[Dataset items]
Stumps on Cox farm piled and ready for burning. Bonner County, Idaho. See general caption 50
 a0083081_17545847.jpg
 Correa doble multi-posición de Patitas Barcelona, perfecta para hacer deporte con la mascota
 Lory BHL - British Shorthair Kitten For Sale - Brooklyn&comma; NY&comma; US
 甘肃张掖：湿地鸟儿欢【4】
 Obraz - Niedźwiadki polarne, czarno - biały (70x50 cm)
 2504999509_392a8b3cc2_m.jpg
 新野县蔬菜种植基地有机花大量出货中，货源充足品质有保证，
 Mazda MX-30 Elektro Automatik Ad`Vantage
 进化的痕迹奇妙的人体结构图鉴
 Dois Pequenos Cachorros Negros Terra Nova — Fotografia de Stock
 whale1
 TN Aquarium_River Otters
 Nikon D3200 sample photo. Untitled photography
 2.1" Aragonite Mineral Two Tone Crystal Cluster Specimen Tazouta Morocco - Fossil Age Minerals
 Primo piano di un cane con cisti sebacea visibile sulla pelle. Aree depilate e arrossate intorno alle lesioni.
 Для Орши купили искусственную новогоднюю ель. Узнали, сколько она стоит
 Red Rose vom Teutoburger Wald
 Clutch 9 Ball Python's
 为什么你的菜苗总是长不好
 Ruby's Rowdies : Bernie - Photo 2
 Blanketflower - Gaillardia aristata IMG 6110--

▶ **EXERCISE DETAILS**
Your output should be an exact copy of the lines from the one containing "Mazda MX-30 Elektro" through the last line of the data above.

▶ **TASK RESPONSE**
 Mazda MX-30 Elektro Automatik Ad`Vantage
 进化的痕迹奇妙的人体结构图鉴
 Dois Pequenos Cachorros Negros Terra Nova — Fotografia de Stock
 whale1
 TN Aquarium_River Otters
 Nikon D3200 sample photo. Untitled photography
 2.1" Aragonite Mineral Two Tone Crystal Cluster Specimen Tazouta Morocco - Fossil Age Minerals
 Primo piano di un cane con cisti sebacea visibile sulla pelle. Aree depilate e arrossate intorno alle lesioni.
 Для Орши купили искусственную новогоднюю ель. Узнали, сколько она стоит
 Red Rose vom Teutoburger Wald
 Clutch 9 Ball Python's
 为什么你的菜苗总是长不好
 Ruby's Rowdies : Bernie - Photo 2
 Blanketflower - Gaillardia aristata IMG 6110--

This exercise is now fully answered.